If you’re after another hit of The Grand Tour, you’ll have to wait a while. The series abandoned its tent studio-based format early in 2019 to focus on feature-length specials, and thus far, there’s been a gap of a year between each one.
Seaman arrived in December 2019, with A Massive Hunt following around the same time in 2020. The third has already been shot in Scotland, and we’ve been told it’s going to be out by the end of the year, so don’t be surprised if that December window is used once more. For now, if you want to see Jeremy Clarkson doing Jeremy Clarkson things, it involves watching his new farming show. And that’s just fine by me.
Amazon Prime Video released all eight episodes of Clarkson’s Farm last week, and although I’ve so far only caught the first instalment, early signs are very good. Although it’s a bit of an apples to oranges kind of deal, it’s impossible not to make comparisons with The Grand Tour.
Early on, it seems to be business as usual, as Jeremy predictably buys an expensive and enormously complicated Lamborghini tractor. Which is much too big. But from that point on, it’s clear this is Clarkson in a relaxed, more genuine and less brash form than we’re used to via TGT.
The enormity of the task he’s set himself soon hits home. Clarkson has owned the 1000-acre ‘Diddly Squat’ property since 2008, and despite having no agricultural experience, he decided to have a go at cultivating it when the previous farmer retired. Yes, the content goldmine this presented wouldn’t have been lost on the former Top Gear host, but in the first episode, we see someone who realises he’s bitten off more than he can chew.
The key to making it all work is the supporting players who are more than happy to counter Jeremy’s ‘I know best’ mentality. We have Charlie Ireland, who carefully and calmly explains the ins and outs of the business of farming. Ellen Helliwell, a shepherd who repeatedly points out that Jeremy’s bought too big a tractor. And most importantly, the fantastically blunt Kaleb Cooper, a former Diddly Squat employee who has no trouble calling out bullshit when he sees it.

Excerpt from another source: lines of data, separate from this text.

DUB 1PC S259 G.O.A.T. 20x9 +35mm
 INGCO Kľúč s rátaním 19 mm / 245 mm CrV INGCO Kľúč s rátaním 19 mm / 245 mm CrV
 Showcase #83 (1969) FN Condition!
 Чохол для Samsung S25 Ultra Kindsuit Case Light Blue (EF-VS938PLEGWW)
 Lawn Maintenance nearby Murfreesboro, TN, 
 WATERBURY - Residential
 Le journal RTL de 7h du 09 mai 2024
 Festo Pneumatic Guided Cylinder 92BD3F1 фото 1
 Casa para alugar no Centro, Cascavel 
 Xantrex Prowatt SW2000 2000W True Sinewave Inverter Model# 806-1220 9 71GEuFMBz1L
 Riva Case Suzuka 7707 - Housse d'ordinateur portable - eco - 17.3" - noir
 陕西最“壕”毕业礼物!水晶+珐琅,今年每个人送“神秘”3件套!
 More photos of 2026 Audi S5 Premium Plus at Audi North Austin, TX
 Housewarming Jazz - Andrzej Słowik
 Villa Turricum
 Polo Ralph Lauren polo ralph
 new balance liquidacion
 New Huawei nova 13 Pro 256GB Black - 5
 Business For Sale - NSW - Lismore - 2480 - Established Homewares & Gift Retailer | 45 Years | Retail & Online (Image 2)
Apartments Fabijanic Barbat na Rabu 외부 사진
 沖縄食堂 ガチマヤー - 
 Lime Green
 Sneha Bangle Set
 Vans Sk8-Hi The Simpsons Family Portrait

The show’s about more than just the fish out of water scenario and the resulting amusement, though. It doesn’t shy away from the convoluted mechanics of farming, meaning there’s much to be learned here. Watch all eight episodes, and I suspect you’ll come away with a new appreciation of how your dinner’s ingredients made it to the supermarket.
You might also yearn for The Grand Tour to be toned down a touch. All too often, the show seems to revolve around spending as much money as possible. Usually on pyrotechnics. It has a forced feeling to it that simply wasn’t there during the golden era of Top Gear, which Clarkson’s Farm proves isn’t necessary.
Whether you love or abhor the controversial Clarkson, he is undeniably a fantastic broadcaster and an eminently watchable personality, whether power sliding a supercar or getting kicked in the balls by livestock. On TGT, we often get an exaggerated version of the man who’s far less entertaining. It’s the same deal for the other two - Our Man In Japan proved for James May that he’s better without the explosions and heavily manufacturered drama. Richard Hammond’s The Great Escapists went the other way meanwhile by fully embracing the silliness.
There’s a question of how much longer the three will be willing to carry on with The Grand Tour, but there’s still time to bring back the magic that had us tuning into Top Gear week after week all those years ago. As we’ve seen from the presenters’ extra curicular Amazon activities, all it’ll take is a more relaxed approach.